- **EXERCISE BRIEF**
Leave out every picture, and return exactly the lines from the line containing "Changes are not" through the end of the records below, both inclusive.

(Scraped caption text data)
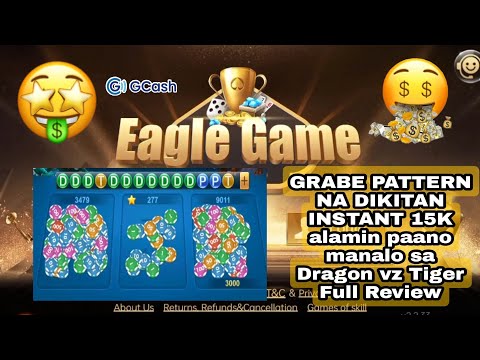 EAGLE GAME GRABE PATTERN NA DIKITAN INSTANT 15K alamin paano manalo sa Dragon vz Tiger Full Review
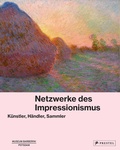 Cover: Netzwerke des Impressionismus - Prestel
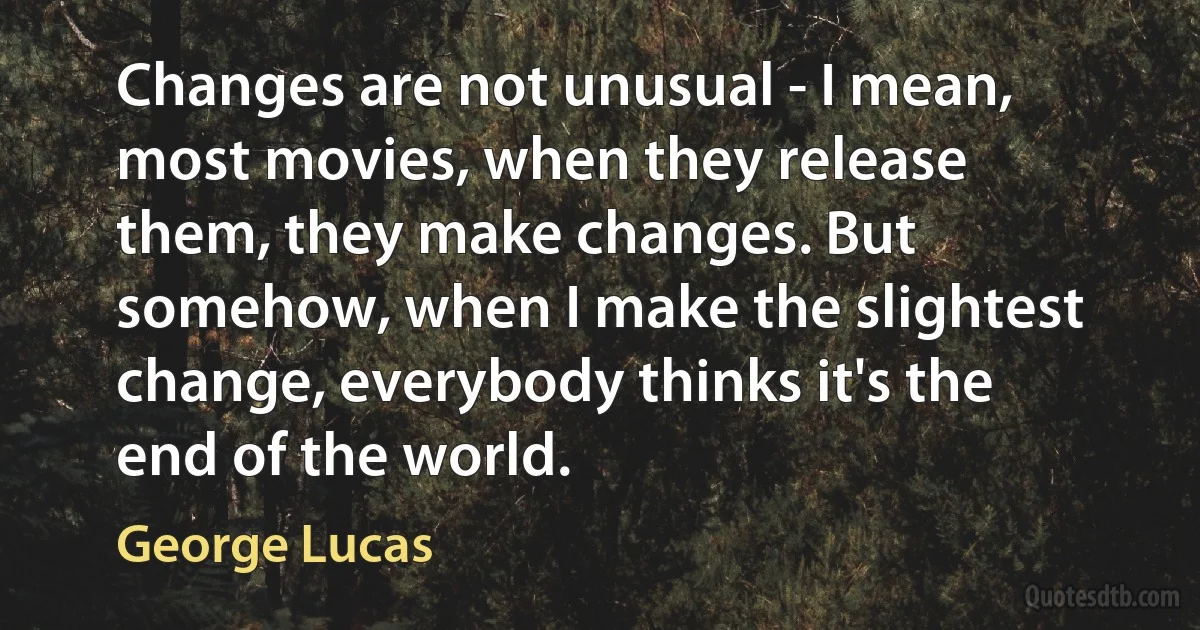 Changes are not unusual - I mean, most movies, when they release them, they make changes. But somehow, when I make the slightest change, everybody thinks it's the end of the world. (George Lucas)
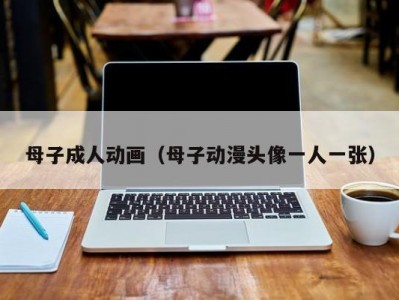 母子成人动画（母子动漫头像一人一张）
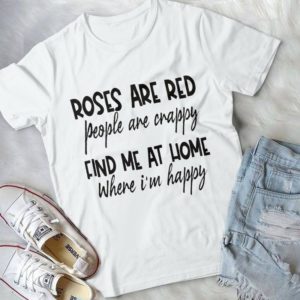 Roses Are Red People Are Crappy Find Me At My Home Handmade Shirt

- **EXPECTED ANSWER**
 Changes are not unusual - I mean, most movies, when they release them, they make changes. But somehow, when I make the slightest change, everybody thinks it's the end of the world. (George Lucas)
 母子成人动画（母子动漫头像一人一张）
 Roses Are Red People Are Crappy Find Me At My Home Handmade Shirt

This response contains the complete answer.